▶ [HOW TO COMPLETE THIS TASK] Go to the line that contains "Rich Forex Hotel" and transcribe from there to the end of the entries, that line and the last one included.

[Stored items]

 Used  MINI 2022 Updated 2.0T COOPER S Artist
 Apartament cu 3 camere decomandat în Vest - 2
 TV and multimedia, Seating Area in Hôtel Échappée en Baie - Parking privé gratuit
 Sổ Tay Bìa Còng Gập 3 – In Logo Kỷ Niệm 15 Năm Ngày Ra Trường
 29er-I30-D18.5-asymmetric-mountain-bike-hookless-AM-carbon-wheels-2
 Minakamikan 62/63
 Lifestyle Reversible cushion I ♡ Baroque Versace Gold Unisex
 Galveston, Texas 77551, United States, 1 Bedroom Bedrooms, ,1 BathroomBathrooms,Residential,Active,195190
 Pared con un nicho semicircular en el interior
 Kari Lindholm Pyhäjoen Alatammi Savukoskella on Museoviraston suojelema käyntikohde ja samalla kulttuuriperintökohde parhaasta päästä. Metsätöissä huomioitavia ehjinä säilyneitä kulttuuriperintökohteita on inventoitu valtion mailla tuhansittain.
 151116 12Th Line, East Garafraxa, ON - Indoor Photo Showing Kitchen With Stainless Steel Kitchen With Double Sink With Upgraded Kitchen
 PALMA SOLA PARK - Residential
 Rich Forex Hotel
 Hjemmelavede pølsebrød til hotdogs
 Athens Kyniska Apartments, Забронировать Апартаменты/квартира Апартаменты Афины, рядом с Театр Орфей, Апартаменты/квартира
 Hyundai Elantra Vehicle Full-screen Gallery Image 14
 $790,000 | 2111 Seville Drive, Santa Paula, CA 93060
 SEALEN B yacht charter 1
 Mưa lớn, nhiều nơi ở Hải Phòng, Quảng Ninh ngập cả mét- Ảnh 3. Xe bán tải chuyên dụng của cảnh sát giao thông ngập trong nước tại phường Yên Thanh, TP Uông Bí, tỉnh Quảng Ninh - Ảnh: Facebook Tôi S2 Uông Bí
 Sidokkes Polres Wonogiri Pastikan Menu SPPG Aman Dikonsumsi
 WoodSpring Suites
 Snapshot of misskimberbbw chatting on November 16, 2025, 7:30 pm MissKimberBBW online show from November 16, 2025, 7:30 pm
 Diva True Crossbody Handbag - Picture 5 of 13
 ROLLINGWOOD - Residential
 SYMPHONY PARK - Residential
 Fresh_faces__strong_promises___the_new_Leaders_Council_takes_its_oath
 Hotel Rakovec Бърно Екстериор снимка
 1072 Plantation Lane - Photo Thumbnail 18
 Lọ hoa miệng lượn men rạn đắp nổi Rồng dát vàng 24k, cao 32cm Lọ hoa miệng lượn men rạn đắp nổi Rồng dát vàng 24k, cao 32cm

▶ [WRITTEN RESPONSE]
 Rich Forex Hotel
 Hjemmelavede pølsebrød til hotdogs
 Athens Kyniska Apartments, Забронировать Апартаменты/квартира Апартаменты Афины, рядом с Театр Орфей, Апартаменты/квартира
 Hyundai Elantra Vehicle Full-screen Gallery Image 14
 $790,000 | 2111 Seville Drive, Santa Paula, CA 93060
 SEALEN B yacht charter 1
 Mưa lớn, nhiều nơi ở Hải Phòng, Quảng Ninh ngập cả mét- Ảnh 3. Xe bán tải chuyên dụng của cảnh sát giao thông ngập trong nước tại phường Yên Thanh, TP Uông Bí, tỉnh Quảng Ninh - Ảnh: Facebook Tôi S2 Uông Bí
 Sidokkes Polres Wonogiri Pastikan Menu SPPG Aman Dikonsumsi
 WoodSpring Suites
 Snapshot of misskimberbbw chatting on November 16, 2025, 7:30 pm MissKimberBBW online show from November 16, 2025, 7:30 pm
 Diva True Crossbody Handbag - Picture 5 of 13
 ROLLINGWOOD - Residential
 SYMPHONY PARK - Residential
 Fresh_faces__strong_promises___the_new_Leaders_Council_takes_its_oath
 Hotel Rakovec Бърно Екстериор снимка
 1072 Plantation Lane - Photo Thumbnail 18
 Lọ hoa miệng lượn men rạn đắp nổi Rồng dát vàng 24k, cao 32cm Lọ hoa miệng lượn men rạn đắp nổi Rồng dát vàng 24k, cao 32cm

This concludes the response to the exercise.